[Data to use Boundary: Start]
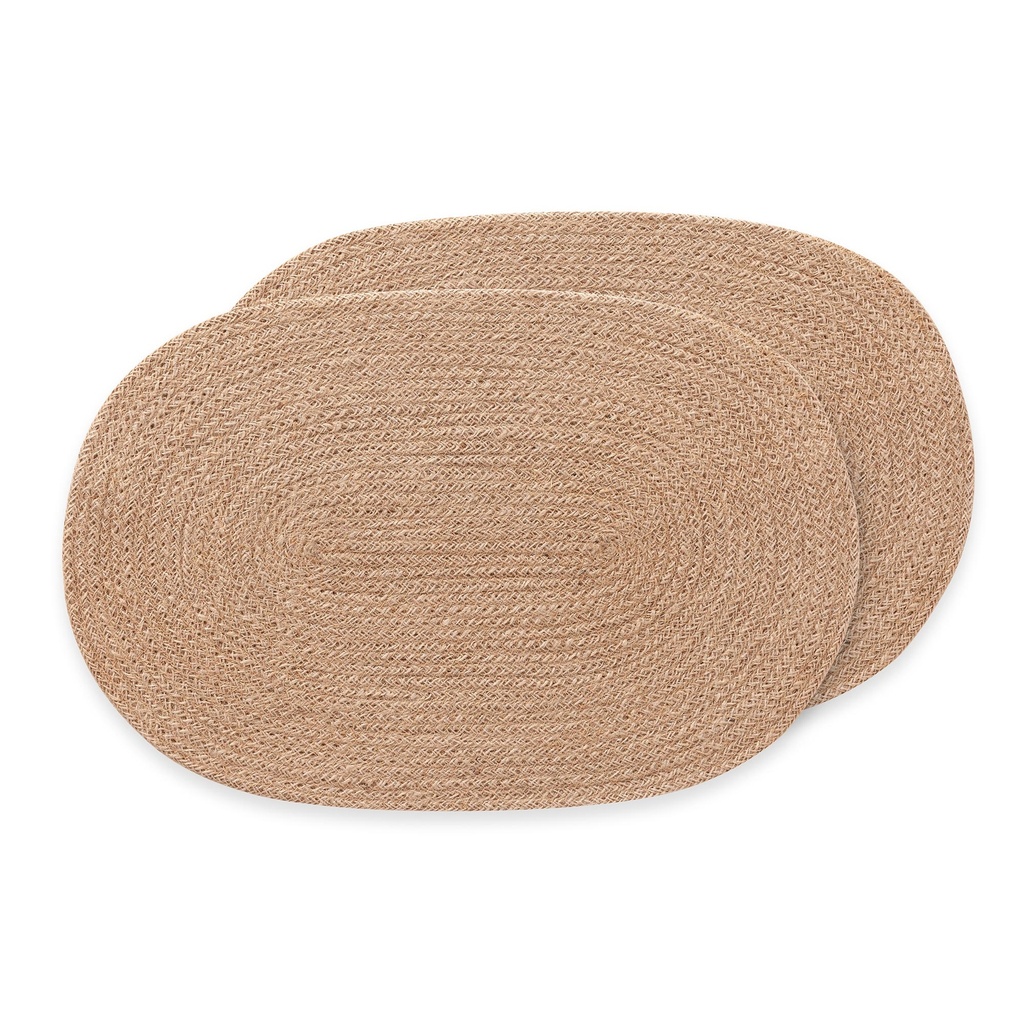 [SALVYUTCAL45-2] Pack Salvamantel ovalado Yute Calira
[Data to use Boundary: End]
[Data to use Boundary: Start]
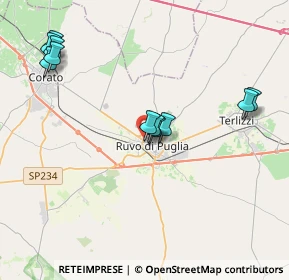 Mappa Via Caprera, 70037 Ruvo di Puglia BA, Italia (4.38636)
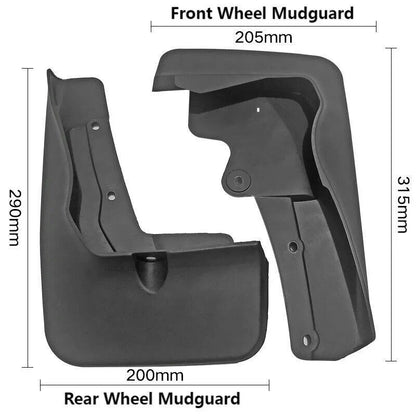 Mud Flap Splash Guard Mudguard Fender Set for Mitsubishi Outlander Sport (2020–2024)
[Data to use Boundary: End]
▸ **Exercise directions**: Give back the exact lines above, running from the one that has "Mappa Via Caprera, 70037" through the one that has "Mud Flap Splash", with nothing added and no pictures.

▸ **Written reply**:
 Mappa Via Caprera, 70037 Ruvo di Puglia BA, Italia (4.38636)
 Mud Flap Splash Guard Mudguard Fender Set for Mitsubishi Outlander Sport (2020–2024)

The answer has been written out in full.